The Impossibility of CAP and Cloud

It comes down to this: the on-demand provisioning and elastic scalability systems that make up “cloud” are addressing NP-Complete problems for which there is no known exact solutions.

At the heart of what cloud computing provides – in addition to compute-on-demand – is the concept of elastic scalability. It is through the ability to rapidly provision resources and applications that we can achieve elastic scalability and, one assumes, through that high availability of systems. Obviously, given my relationship to F5 I am strongly interested in availability. It is, after all, at the heart of what an application delivery controller is designed to provide. So when a theorem is presented that basically says you cannot build a system that is Consistent, Available, and Partition-Tolerant I get a bit twitchy.

Just about the same time that Rich Miller was reminding me of Brewer’s CAP Theorem someone from HP Labs claimed to have solved the P ≠ NP problem (shortly thereafter determined to not be a solution after all), which got me thinking about NP-Completeness in problem sets, of which solving the problem of creating a distributed CAP-compliant system certainly appears to be a member.

CLOUD RESOURCE PROVISIONING is NP-COMPLETE

A core conflict with cloud and CAP-compliance is on-demand provisioning. There are, after all, a minimal set of resources available (cloud is not infinitely scalable, after all) with, one assumes, each resource having a variable amount of compute availability. For example, most cloud providers use a “large”, “medium”, and “small” sizing approach to “instances” (which are, in almost all cases, a virtual machine). Each “size” has a defined set of reserved compute (RAM and CPU) for use. Customers of cloud providers provision instances by size.

At first glance this should not a problem. The provisioning system is given an instruction, i.e. “provision instance type X.” The problem begins when you consider what happens next – the provisioning system must find a hardware resource with enough capacity available on which to launch the instance.

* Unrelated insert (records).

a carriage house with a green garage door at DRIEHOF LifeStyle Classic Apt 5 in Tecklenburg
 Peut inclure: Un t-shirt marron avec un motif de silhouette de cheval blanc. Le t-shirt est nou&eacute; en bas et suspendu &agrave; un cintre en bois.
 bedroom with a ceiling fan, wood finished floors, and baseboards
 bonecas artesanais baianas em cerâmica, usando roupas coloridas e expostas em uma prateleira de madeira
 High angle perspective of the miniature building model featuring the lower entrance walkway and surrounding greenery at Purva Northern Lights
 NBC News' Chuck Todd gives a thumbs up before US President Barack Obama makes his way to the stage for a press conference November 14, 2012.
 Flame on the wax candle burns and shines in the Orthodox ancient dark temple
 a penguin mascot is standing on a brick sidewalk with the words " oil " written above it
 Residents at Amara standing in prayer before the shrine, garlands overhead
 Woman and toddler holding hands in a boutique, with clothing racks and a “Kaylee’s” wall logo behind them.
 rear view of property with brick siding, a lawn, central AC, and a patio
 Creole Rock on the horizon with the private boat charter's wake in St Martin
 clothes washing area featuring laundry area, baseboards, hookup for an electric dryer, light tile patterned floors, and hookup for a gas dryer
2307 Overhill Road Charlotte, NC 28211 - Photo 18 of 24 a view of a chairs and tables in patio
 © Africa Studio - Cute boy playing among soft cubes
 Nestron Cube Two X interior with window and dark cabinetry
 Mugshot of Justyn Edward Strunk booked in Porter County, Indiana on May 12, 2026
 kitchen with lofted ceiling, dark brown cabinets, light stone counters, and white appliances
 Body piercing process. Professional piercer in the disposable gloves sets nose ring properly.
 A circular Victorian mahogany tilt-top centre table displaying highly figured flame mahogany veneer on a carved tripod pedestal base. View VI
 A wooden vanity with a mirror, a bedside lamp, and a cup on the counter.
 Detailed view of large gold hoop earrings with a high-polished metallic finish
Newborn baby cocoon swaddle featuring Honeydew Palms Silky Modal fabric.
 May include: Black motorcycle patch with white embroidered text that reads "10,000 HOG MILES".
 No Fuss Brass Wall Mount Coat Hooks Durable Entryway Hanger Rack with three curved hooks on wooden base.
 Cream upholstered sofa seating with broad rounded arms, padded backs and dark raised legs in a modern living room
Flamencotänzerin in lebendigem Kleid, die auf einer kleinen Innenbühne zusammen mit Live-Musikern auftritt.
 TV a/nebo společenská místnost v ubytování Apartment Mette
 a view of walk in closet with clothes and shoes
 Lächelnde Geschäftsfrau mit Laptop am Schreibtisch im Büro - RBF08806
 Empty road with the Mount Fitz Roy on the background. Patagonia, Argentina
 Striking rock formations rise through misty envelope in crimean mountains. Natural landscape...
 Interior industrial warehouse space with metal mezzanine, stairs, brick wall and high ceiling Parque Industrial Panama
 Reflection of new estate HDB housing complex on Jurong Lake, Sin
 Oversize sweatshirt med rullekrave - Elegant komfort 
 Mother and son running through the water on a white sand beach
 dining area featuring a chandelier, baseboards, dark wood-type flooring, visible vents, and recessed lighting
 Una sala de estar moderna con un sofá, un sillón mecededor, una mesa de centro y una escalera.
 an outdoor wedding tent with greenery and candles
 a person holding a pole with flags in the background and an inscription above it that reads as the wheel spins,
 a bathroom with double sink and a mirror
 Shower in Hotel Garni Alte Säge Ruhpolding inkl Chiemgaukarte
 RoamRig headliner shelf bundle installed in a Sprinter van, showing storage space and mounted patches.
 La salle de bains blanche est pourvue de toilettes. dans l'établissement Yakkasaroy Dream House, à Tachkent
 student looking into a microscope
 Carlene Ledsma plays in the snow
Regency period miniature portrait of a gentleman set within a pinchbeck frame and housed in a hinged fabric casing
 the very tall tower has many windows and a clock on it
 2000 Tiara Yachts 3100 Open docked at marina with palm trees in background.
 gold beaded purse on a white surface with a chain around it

In theory this certainly appears to be a variation of the Bin packing problem (which is NP-complete). It is (one hopes) resolved by the cloud provider by removing the variability of location (parameterization) or the use of approximation (using the greedy approximation algorithm “first-fit”, for example). In a pure on-demand provisioning environment, the management system would search out, in real-time, a physical server with enough physical resources available to support the requested instance requirements but it would also try to do so in a way that minimizes the utilization of physical resources on each machine so as to better guarantee availability of future requests and to be more efficient (and thus cost-effective).

Brewer’s CAP Theorem

It is impractical, of course, to query each physical server in real-time to determine an appropriate location, so no doubt there is a centralized “inventory” of resources available that is updated upon the successful provisioning of an instance. Note that this does not avoid the problem of NP-Completeness and the resulting lack of a solution as data replication/synchronization is also an NP-Complete problem. Now, because variability in size and an inefficient provisioning algorithm could result in a fruitless search, providers might (probably do) partition each machine based on the instance sizes available and the capacity of the machine. You’ll note that most providers size instances as multiples of the smallest, if you were looking for anecdotal evidence of this. If a large instance is 16GB RAM and 4 CPUs, then a physical server with 32 GB of RAM and 8 CPUs can support exactly two large instances. If a small instance is 4GB RAM and 1 CPU, that same server could ostensibly support a combination of both: 8 small instances or 4 small instances and 2 large instances, etc… However, that would make it difficult to keep track of the availability of resources based on instance size and would eventually result in a failure of capacity availability (which makes the system non-CAP compliant). However, not restricting the instances that can be deployed on a physical server returns us to a bin packing-like algorithm that is NP-complete which necessarily introduces unknown latency that could impact availability. This method also introduces the possibility that while searching for an appropriate location some other consumer has requested an instance that is provisioned on a server that could have supported the first consumer’s request, which results in a failure to achieve CAP-compliance by violating the consistency constraint (and likely the availability constraint, as well).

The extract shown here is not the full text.